5. Philosophical Perspective: Open vs. Closed Systems
Philosophy and physics have traditionally prioritized closed systems—isolated entities whose dynamics can be completely described without reference to an external environment (Cuffaro et al., 2021). The open systems view, however, contends that interaction with the environment is fundamental. Rather than treating external influence as a perturbation on an otherwise isolated pair, open systems are represented by dynamical equations that explicitly incorporate environmental interactions as core features.
This shift has implications for ontic, epistemic, and explanatory fundamentality in science and metaphysics: open and non-agentic systems are not merely tools or models but reflect essential principles of system evolution, adaptation, and coevolution within broader networks.
6. Consequences for Theory, Practice, and Sustainability
Non-agentic systems present important challenges and opportunities for formal theory and practical management:
- In computational theory, their ability to continually modify descriptions and expand analytical spaces renders any static formal system incomplete—there will always be functions or behaviors not capturable by a fixed program (0907.4100).
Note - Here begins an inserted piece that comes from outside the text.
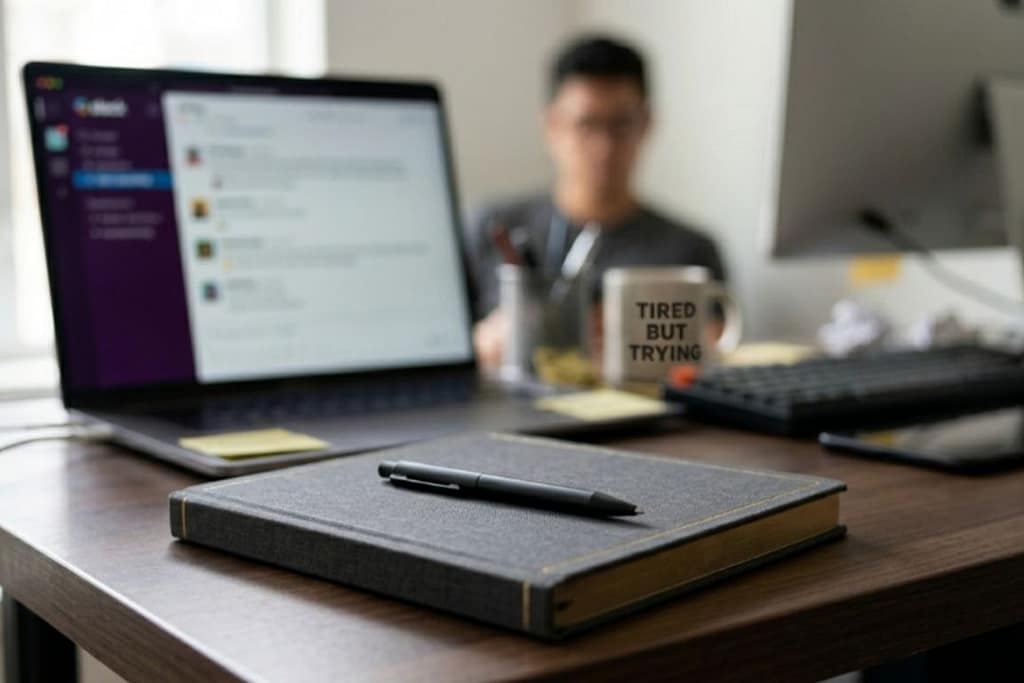 A physical paper notebook on a desk acting as a productivity and focus tool.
- In technospheric dynamics, non-agentic evolution produces lock-ins that constrain intervention, suggesting that sustainability must be managed via distributed macro-agency rather than through individual or centralized control (Donges et al., 2017).
- For AI, reliance on non-agentic frameworks enables robust, scalable architectures free of anthropocentric bias and ill-defined goal-seeking overlays. System-first approaches grounded in tensor computation, world modeling, and material intelligence are highlighted as future directions (Gardner et al., 13 Sep 2025).
- In natural and cultural evolution, successful systems respect their internal limits and adaptively integrate with their external environments, providing a template for transformation and sustainable development (Henshaw, 2022).
7. Future Directions and Fundamental Research Implications
Non-agentic systems invite deeper investigation into architectures and theories emphasizing self-organization, system-level dynamics, and emergent adaptive behavior. Promising avenues include:
- Development of non-anthropomorphic evaluation frameworks for intelligent behavior,
- Exploration of material-specific computing substrates (e.g., neuromorphic hardware, soft-matter computing),
- Analysis of coevolutionary dynamics within complex networks,
- Formalization of open systems principles in physics and interdisciplinary science.
A plausible implication is that progress in general intelligence, sustainable development, and system design will depend on abandoning rigid agent-centric metaphors in favor of a fundamentally systemic, adaptable, and environment-coupled perspective.